Al di là del ponte c’era una carrareccia che pareva costruita apposta per permettere alle solite teste di cazzo di gettare quintali di rifiuti nel dirupo (la nostra è una specie condannata, l’ho già scritto). L’ho seguita per un po’ poi ho preso una traccia di sentiero in discesa, piena di ostruzioni e impedimenti (dagli alberi caduti ai rampicanti spinosi che si avviluppavano intorno alle gambe: ma io previdente avevo con me una cesoia…) traccia che portava al sentiero, anch’esso un po’ malmesso e scarsamente frequentato, che secondo la mappa mi avrebbe condotto alla meta agognata. E infatti, dopo una decina di minuti percorsi con molta molta attenzione, ecco la sagoma inconfondibile della torre pentagonale di Catino e della Rocca.
Ho trattenuto a stento la voglia di gridare in un empito orgasmatico che, chissà perché, mi ha fatto pensare al tipo con lo sguardo da laziale scornacchiato. Ho fatto gli ultimi metri, sempre con molta molta cautela (il sentiero era appena riconoscibile) ed ecco la meta tanto desiderata in tutto il suo splendore.
Ora, dovete sapere che di solito sono prudente quando passeggio, misuro le forze, cerco di non esagerare, soprattutto quando sono da solo. Ma ieri era tanta la voglia di quadrare il cerchio, di utilizzarlo, quel passaggio a Nord-Ovest nei boschi, che ho sottovalutato il fatto che da Catino sarei dovuto poi tornare alla macchina.

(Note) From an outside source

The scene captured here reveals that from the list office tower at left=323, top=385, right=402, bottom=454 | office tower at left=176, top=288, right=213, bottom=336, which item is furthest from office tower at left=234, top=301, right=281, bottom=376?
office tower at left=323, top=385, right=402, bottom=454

In realtà il problema l’avevo avuto ben presente ma l’avevo bypassato dicendomi che avrei chiesto a qualcuno un passaggio per tornare a san Valentino: potevo chiederlo a mia moglie, che non avrebbe avuto problemi a venire a prendermi da casa, lo sapevo, o a un’amica che abita proprio a Catino, o ad altri amici che stanno lì vicino.
Ma alla fine della fiera, un po’ perché si era fatta l’ora di pranzo e non volevo disturbare, un po’ perché inconsciamente non volevo sprecare l’ora di gloria appena vissuta con un’ammissione di debolezza (ma quanto sei scemo Enrico…) alla fine sono tornato alla macchina camminando sulla strada Finocchieto. E non sono stati tanto i cinque chilometri da Catino all’inizio della salita di San Valentino, che ho percorso baldanzosamente (si fa per sempre per dire…) in un’ora. No, il peggio sono stati i due chilometri e rotti finali fino alla macchina, con 250 metri di dislivello: una pendenza media superiore all’11 per cento con molti tratti al 20. Un’iradiddio che fa sì che ancora stamattina io mi senta “un po’ stanchino” (per dirla alla Forrest Gump).

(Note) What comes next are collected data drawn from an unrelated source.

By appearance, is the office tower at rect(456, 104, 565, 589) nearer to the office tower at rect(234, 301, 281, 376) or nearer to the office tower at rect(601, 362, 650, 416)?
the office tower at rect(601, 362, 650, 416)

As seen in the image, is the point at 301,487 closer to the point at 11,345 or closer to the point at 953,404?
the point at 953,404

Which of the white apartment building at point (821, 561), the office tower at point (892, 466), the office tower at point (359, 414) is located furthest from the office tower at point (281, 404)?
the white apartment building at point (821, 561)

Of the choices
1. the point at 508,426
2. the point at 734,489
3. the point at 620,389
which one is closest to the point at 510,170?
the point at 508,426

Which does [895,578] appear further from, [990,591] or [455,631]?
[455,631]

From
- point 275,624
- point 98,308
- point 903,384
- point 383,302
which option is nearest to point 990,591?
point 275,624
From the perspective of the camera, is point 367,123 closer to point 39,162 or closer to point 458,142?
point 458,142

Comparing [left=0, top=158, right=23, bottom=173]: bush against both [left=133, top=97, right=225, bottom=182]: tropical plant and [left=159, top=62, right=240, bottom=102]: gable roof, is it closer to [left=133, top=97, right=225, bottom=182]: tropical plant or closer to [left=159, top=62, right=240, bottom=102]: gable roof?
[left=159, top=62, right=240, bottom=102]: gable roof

Un cimento che m’impediva persino di sorridere al pensiero del “laziale”, della sua espressione e della mia ingenuità. Adesso posso dirvela tutta: solo dopo essere passato accanto alla macchina e aver detto il mio timido “buongiorno”, a lui che aveva quell’espressione un po’ così, solo allora mi sono accorto con la coda dell’occhio dei capelli biondi della signora con la testa affondata nel grembo di lui, interrotta sul più bello dal passeggiatore, distratto seppur cortese.
P.S. Ecco la mappa del giro fatto, ritoccata da me in quanto il telefono era “morto” poco dopo aver iniziato la salita finale. Undici chilometri e mezzo, 600 metri di dislivello, quattro ore per farlo. Sono contento di averlo fatto, questo giro. Non credo che lo rifarò molto presto.